Рейнджер бежал, пригнувшись, легко и быстро, словно по-кошачьи, и это сразу навевало тревогу, неясные такие мысли о засевших в подсолнухах стрелках.
Миха прикоснулся рукой к груди, отгоняя мрачные думы. Но уже кольнуло в сердце, не отпускает, словно предчувствие… Если уж его напарник встревожен, значит, и ему пора как минимум собраться: не станет Володька просто так в опасность играть. Ничего не будет, конечно, но приготовиться надо.
2
Володя нырнул в дом ровно тогда, как Михаил вешал на плечо короткий самострел. Прыгнул к окну, пригибаясь за подоконником, и прошипел, почти не оглянувшись:
— Пешим маршем, говоришь?
Кузнец замер, непонимающе всматриваясь в пустую площадь, и приготовился было ответить на обидный тон, как услышал сам, еще раз невольно сравнив свой слух со слухом напарника. В воздухе, нарастая с каждой секундой, рождалось рычание автомобильного двигателя.

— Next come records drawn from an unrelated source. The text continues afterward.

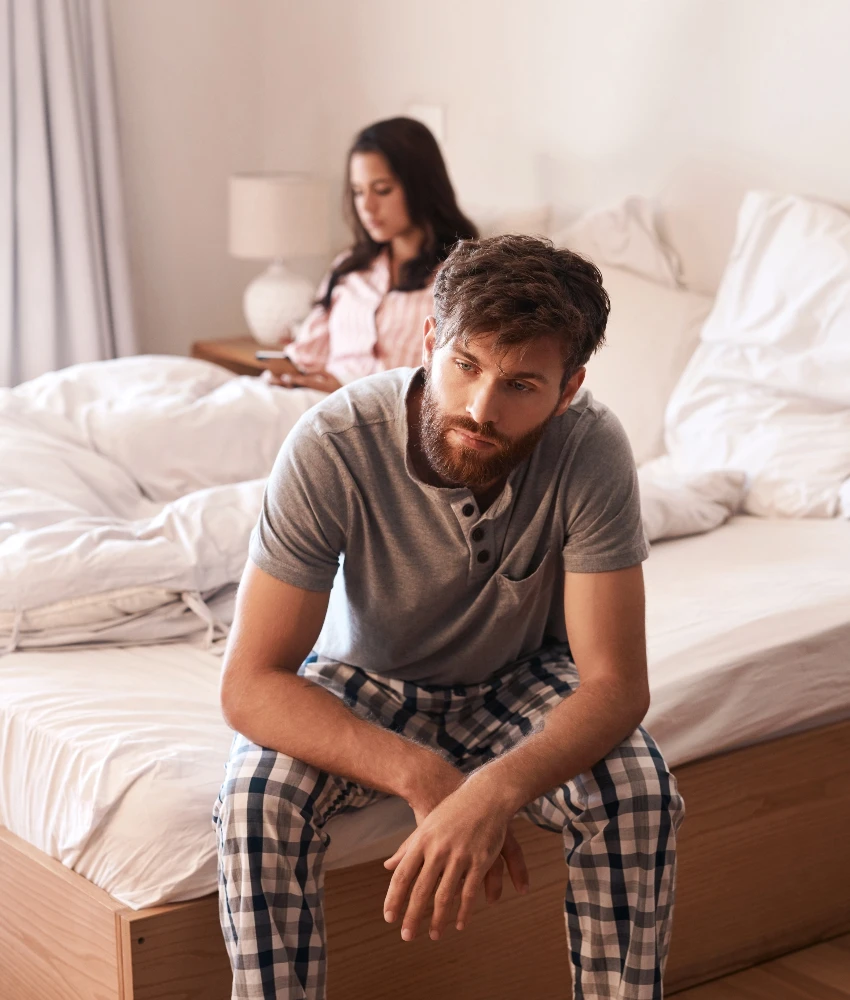 couple ignoring each other in the bedroom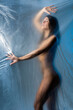 © ADDICTIVE STOCK - Naked woman standing behind cellophane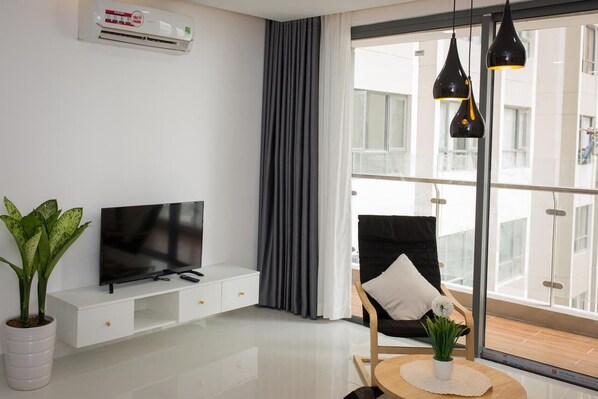 A modern living room with a flat-screen TV, a potted plant, a black chair with a white cushion, and a round table with a small plant. - Nice Apartment at GoldView (Ho Chi Minh City)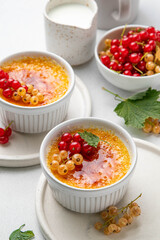 Creme brulee, cream brulee, burnt cream with currant in ramekins. Traditional french vanilla cream dessert with caramelised sugar on top. Homemade dessert decorated berries. Selective focus.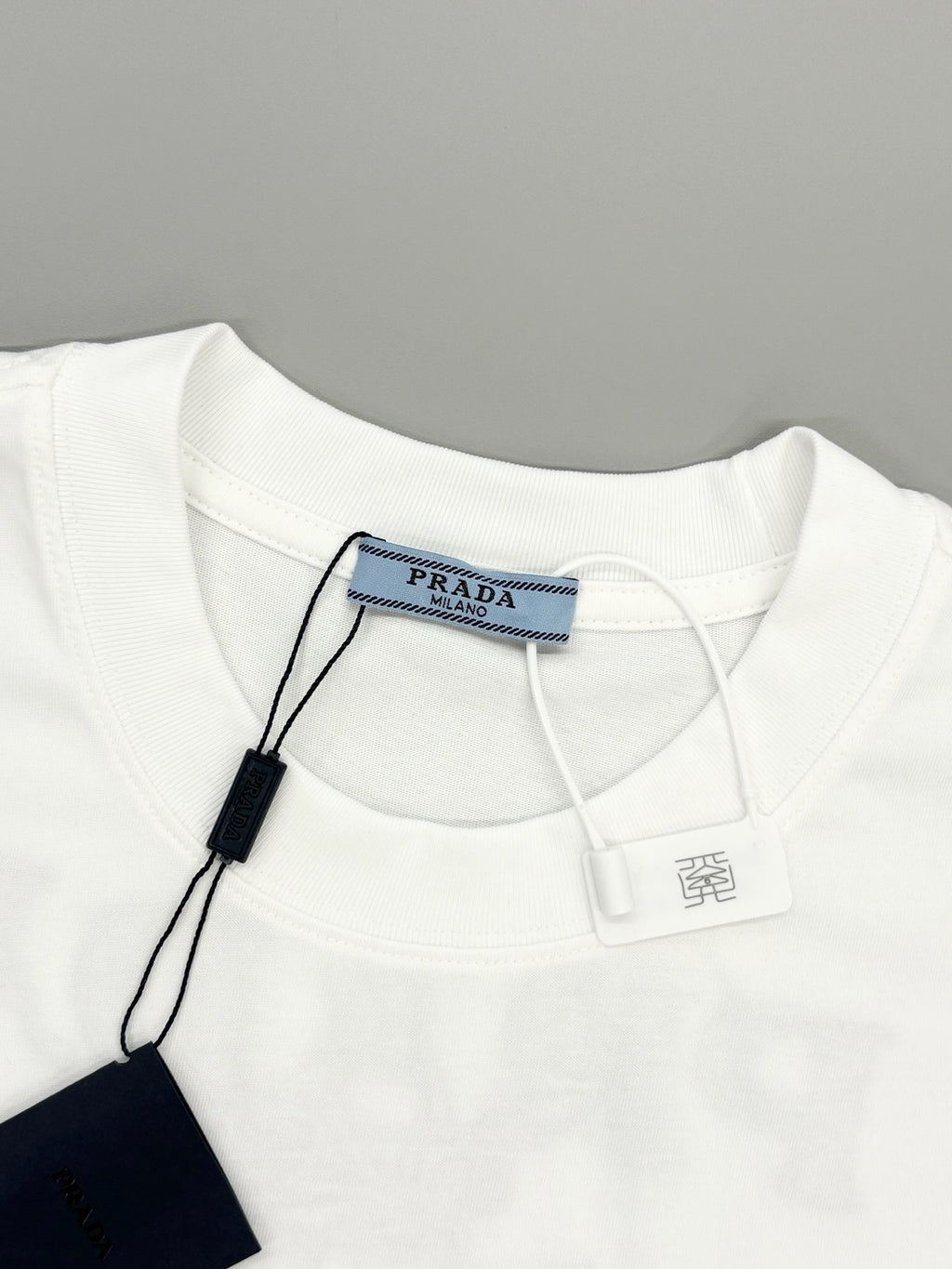 Prada short-sleeve T-shirt neckline with brand label and hanging price tag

Владимир сдвинулся в сторону, откидывая шляпу на спину, и приподнял арбалет. Миха взял сумку.
— Ты выходишь и встаешь тут, — негромко повторил Володя то, что они уже не один раз обсудили за время пребывания в деревне, — стоишь боком, сумку с плеча не снимаешь. Постарайся, чтобы все, кто рядом, были не видны. Обрез свой взведи и держи под рукой, чтоб сорвать легче было, и в случае чего…
На дорогу, подпрыгнув на ухабе, вылетела машина — открытый багги, оплетенный сверху каркасом труб и поручней. Рванулась, словно хотела спрыгнуть в кювет, выплюнула из направленных в небо труб две полосы грязного дыма и, подняв стену желтой пыли, по главной улице понеслась мимо домиков. Мотор ревел, дребезжал и ругался, заглушая маты сидящих в машине людей.
Володька обернулся, поднимая вверх три пальца, и Миха кивнул.